Task brief:
Transcribe each record below character for character.
*** Opening Recorded data ***
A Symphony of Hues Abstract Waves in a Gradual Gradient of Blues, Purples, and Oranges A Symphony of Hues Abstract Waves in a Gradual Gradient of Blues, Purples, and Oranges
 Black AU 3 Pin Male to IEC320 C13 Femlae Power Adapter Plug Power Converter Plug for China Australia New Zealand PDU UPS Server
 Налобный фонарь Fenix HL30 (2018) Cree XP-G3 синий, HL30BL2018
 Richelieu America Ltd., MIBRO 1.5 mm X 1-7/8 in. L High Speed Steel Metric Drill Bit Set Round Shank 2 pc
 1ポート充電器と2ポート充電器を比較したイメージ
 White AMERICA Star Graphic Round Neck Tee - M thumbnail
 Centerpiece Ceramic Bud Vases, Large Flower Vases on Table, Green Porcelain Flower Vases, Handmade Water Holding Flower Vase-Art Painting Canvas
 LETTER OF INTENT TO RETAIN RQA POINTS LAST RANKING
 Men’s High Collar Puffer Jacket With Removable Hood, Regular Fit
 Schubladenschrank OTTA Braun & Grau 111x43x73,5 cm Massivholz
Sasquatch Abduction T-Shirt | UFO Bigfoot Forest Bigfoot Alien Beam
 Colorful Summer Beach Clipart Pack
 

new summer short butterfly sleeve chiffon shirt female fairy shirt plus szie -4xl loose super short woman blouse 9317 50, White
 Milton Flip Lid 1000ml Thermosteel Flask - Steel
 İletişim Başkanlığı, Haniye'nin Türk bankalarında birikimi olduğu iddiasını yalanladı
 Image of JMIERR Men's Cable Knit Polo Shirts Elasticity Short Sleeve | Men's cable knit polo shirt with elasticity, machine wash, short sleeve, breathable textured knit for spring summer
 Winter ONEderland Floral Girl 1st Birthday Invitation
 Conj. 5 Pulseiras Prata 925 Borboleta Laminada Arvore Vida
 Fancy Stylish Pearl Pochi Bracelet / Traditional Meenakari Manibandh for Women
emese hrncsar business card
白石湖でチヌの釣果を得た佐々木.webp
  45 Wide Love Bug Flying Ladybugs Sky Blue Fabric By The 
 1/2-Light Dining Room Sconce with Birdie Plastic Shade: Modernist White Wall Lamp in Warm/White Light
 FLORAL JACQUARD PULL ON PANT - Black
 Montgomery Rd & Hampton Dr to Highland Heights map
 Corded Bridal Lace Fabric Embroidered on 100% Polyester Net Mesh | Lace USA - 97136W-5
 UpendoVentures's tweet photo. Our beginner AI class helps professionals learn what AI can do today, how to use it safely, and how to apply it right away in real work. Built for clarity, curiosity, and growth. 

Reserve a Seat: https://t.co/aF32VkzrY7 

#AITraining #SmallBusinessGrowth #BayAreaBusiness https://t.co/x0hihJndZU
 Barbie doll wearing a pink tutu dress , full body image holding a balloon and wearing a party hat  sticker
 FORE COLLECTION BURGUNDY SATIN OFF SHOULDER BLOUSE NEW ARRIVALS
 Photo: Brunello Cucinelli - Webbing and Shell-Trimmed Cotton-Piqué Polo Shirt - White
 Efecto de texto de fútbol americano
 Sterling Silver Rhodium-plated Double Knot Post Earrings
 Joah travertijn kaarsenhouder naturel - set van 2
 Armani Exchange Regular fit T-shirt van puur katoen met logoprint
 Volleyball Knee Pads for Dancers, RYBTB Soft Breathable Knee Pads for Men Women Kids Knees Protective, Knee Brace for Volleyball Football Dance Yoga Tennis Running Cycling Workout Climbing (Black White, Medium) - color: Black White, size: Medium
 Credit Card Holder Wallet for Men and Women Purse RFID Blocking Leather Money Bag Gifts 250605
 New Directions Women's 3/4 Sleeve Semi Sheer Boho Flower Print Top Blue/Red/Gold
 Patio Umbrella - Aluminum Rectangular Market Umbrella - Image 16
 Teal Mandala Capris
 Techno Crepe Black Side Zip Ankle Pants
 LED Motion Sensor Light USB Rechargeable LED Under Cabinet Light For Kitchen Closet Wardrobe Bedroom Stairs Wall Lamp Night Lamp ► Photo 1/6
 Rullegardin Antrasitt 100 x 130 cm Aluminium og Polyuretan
*** Closing Recorded data ***
Answer to the problem:
A Symphony of Hues Abstract Waves in a Gradual Gradient of Blues, Purples, and Oranges A Symphony of Hues Abstract Waves in a Gradual Gradient of Blues, Purples, and Oranges
 Black AU 3 Pin Male to IEC320 C13 Femlae Power Adapter Plug Power Converter Plug for China Australia New Zealand PDU UPS Server
 Налобный фонарь Fenix HL30 (2018) Cree XP-G3 синий, HL30BL2018
 Richelieu America Ltd., MIBRO 1.5 mm X 1-7/8 in. L High Speed Steel Metric Drill Bit Set Round Shank 2 pc
 1ポート充電器と2ポート充電器を比較したイメージ
 White AMERICA Star Graphic Round Neck Tee - M thumbnail
 Centerpiece Ceramic Bud Vases, Large Flower Vases on Table, Green Porcelain Flower Vases, Handmade Water Holding Flower Vase-Art Painting Canvas
 LETTER OF INTENT TO RETAIN RQA POINTS LAST RANKING
 Men’s High Collar Puffer Jacket With Removable Hood, Regular Fit
 Schubladenschrank OTTA Braun & Grau 111x43x73,5 cm Massivholz
Sasquatch Abduction T-Shirt | UFO Bigfoot Forest Bigfoot Alien Beam
 Colorful Summer Beach Clipart Pack
 

new summer short butterfly sleeve chiffon shirt female fairy shirt plus szie -4xl loose super short woman blouse 9317 50, White
 Milton Flip Lid 1000ml Thermosteel Flask - Steel
 İletişim Başkanlığı, Haniye'nin Türk bankalarında birikimi olduğu iddiasını yalanladı
 Image of JMIERR Men's Cable Knit Polo Shirts Elasticity Short Sleeve | Men's cable knit polo shirt with elasticity, machine wash, short sleeve, breathable textured knit for spring summer
 Winter ONEderland Floral Girl 1st Birthday Invitation
 Conj. 5 Pulseiras Prata 925 Borboleta Laminada Arvore Vida
 Fancy Stylish Pearl Pochi Bracelet / Traditional Meenakari Manibandh for Women
emese hrncsar business card
白石湖でチヌの釣果を得た佐々木.webp
  45 Wide Love Bug Flying Ladybugs Sky Blue Fabric By The 
 1/2-Light Dining Room Sconce with Birdie Plastic Shade: Modernist White Wall Lamp in Warm/White Light
 FLORAL JACQUARD PULL ON PANT - Black
 Montgomery Rd & Hampton Dr to Highland Heights map
 Corded Bridal Lace Fabric Embroidered on 100% Polyester Net Mesh | Lace USA - 97136W-5
 UpendoVentures's tweet photo. Our beginner AI class helps professionals learn what AI can do today, how to use it safely, and how to apply it right away in real work. Built for clarity, curiosity, and growth. 

Reserve a Seat: https://t.co/aF32VkzrY7 

#AITraining #SmallBusinessGrowth #BayAreaBusiness https://t.co/x0hihJndZU
 Barbie doll wearing a pink tutu dress , full body image holding a balloon and wearing a party hat  sticker
 FORE COLLECTION BURGUNDY SATIN OFF SHOULDER BLOUSE NEW ARRIVALS
 Photo: Brunello Cucinelli - Webbing and Shell-Trimmed Cotton-Piqué Polo Shirt - White
 Efecto de texto de fútbol americano
 Sterling Silver Rhodium-plated Double Knot Post Earrings
 Joah travertijn kaarsenhouder naturel - set van 2
 Armani Exchange Regular fit T-shirt van puur katoen met logoprint
 Volleyball Knee Pads for Dancers, RYBTB Soft Breathable Knee Pads for Men Women Kids Knees Protective, Knee Brace for Volleyball Football Dance Yoga Tennis Running Cycling Workout Climbing (Black White, Medium) - color: Black White, size: Medium
 Credit Card Holder Wallet for Men and Women Purse RFID Blocking Leather Money Bag Gifts 250605
 New Directions Women's 3/4 Sleeve Semi Sheer Boho Flower Print Top Blue/Red/Gold
 Patio Umbrella - Aluminum Rectangular Market Umbrella - Image 16
 Teal Mandala Capris
 Techno Crepe Black Side Zip Ankle Pants
 LED Motion Sensor Light USB Rechargeable LED Under Cabinet Light For Kitchen Closet Wardrobe Bedroom Stairs Wall Lamp Night Lamp ► Photo 1/6
 Rullegardin Antrasitt 100 x 130 cm Aluminium og Polyuretan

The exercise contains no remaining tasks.